▸ WHAT THE TASK REQUIRES:
Read through the lines below for the string "Blue" and copy each one that has it.

*** Opening of AVAILABLE RECORDS ***

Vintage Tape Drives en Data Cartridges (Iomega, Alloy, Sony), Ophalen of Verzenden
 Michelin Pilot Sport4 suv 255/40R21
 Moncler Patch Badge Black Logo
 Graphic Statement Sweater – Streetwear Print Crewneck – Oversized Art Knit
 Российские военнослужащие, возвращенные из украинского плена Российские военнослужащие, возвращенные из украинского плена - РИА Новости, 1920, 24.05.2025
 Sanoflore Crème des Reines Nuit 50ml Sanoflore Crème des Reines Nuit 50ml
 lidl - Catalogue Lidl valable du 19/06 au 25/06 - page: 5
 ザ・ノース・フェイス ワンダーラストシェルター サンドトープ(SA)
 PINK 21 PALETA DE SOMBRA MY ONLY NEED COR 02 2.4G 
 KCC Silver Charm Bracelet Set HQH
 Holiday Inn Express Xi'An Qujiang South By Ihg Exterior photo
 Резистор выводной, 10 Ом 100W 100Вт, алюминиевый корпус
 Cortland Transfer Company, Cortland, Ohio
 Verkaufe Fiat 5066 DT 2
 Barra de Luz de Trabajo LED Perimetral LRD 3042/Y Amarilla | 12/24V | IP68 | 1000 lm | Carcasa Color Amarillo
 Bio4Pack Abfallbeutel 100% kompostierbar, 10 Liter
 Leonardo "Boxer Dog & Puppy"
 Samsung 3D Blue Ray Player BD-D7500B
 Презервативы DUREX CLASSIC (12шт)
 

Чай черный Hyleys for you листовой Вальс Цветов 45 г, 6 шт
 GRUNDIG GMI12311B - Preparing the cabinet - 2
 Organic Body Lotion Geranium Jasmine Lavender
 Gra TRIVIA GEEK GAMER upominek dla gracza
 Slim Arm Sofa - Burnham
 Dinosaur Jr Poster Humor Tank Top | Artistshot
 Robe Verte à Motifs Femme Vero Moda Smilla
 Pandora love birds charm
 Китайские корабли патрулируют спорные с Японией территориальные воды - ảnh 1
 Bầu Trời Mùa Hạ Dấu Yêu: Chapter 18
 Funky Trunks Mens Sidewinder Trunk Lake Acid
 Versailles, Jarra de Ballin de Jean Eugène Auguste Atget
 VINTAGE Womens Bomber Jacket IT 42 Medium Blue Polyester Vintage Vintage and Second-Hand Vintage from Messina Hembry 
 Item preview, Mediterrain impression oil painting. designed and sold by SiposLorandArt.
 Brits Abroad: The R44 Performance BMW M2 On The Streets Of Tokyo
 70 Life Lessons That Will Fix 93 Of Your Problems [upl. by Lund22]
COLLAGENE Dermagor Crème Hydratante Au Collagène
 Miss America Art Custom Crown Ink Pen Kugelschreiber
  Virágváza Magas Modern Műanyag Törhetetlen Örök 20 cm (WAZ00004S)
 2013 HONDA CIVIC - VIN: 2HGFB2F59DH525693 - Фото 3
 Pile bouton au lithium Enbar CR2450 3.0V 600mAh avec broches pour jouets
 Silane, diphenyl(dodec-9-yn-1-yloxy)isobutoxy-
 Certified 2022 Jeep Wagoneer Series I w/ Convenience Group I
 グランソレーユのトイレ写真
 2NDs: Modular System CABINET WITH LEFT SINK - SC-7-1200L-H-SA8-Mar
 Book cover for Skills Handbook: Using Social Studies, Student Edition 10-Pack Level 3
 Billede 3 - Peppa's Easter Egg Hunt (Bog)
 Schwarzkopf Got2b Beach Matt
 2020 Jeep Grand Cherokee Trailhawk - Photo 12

*** Close of AVAILABLE RECORDS ***

▸ RESPONSE TO THE TASK:
 Samsung 3D Blue Ray Player BD-D7500B
 VINTAGE Womens Bomber Jacket IT 42 Medium Blue Polyester Vintage Vintage and Second-Hand Vintage from Messina Hembry 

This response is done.